Wishbone is an American half-hour live-action children's television show produced from 1995 to 1997 about a dog who relives famous literature. It was originally broadcast on PBS and later rebroadcast on PBS Kids and PBS Kids Go!. The show won four Daytime Emmys, a Peabody Award, and honors from the Television Critics Association. Wishbone'''s exterior shots were filmed on the backlot of Lyrick Studios's teen division Big Feats! Entertainment in Allen, Texas, and its interior shots were filmed on a sound stage in a  warehouse in Plano, Texas. Additional scenes were filmed in Grapevine, Texas.

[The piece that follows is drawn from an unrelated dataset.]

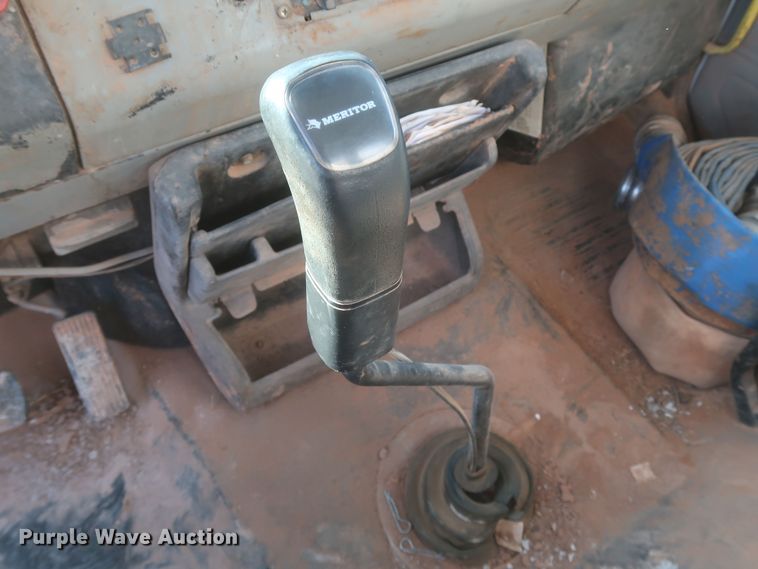 image for item MJ9202 2000 Freightliner FL112  water truck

This show garnered particular praise for refusing to bowdlerize many of the sadder or more unpleasant aspects of the source works, which usually enjoyed a fairly faithful retelling in the fantasy sequences. 

The show also inspired several book series. Altogether, more than fifty books have featured Wishbone, which continued to be published even after the TV series ended production. In 1998, the TV movie Wishbone's Dog Days of the West was aired.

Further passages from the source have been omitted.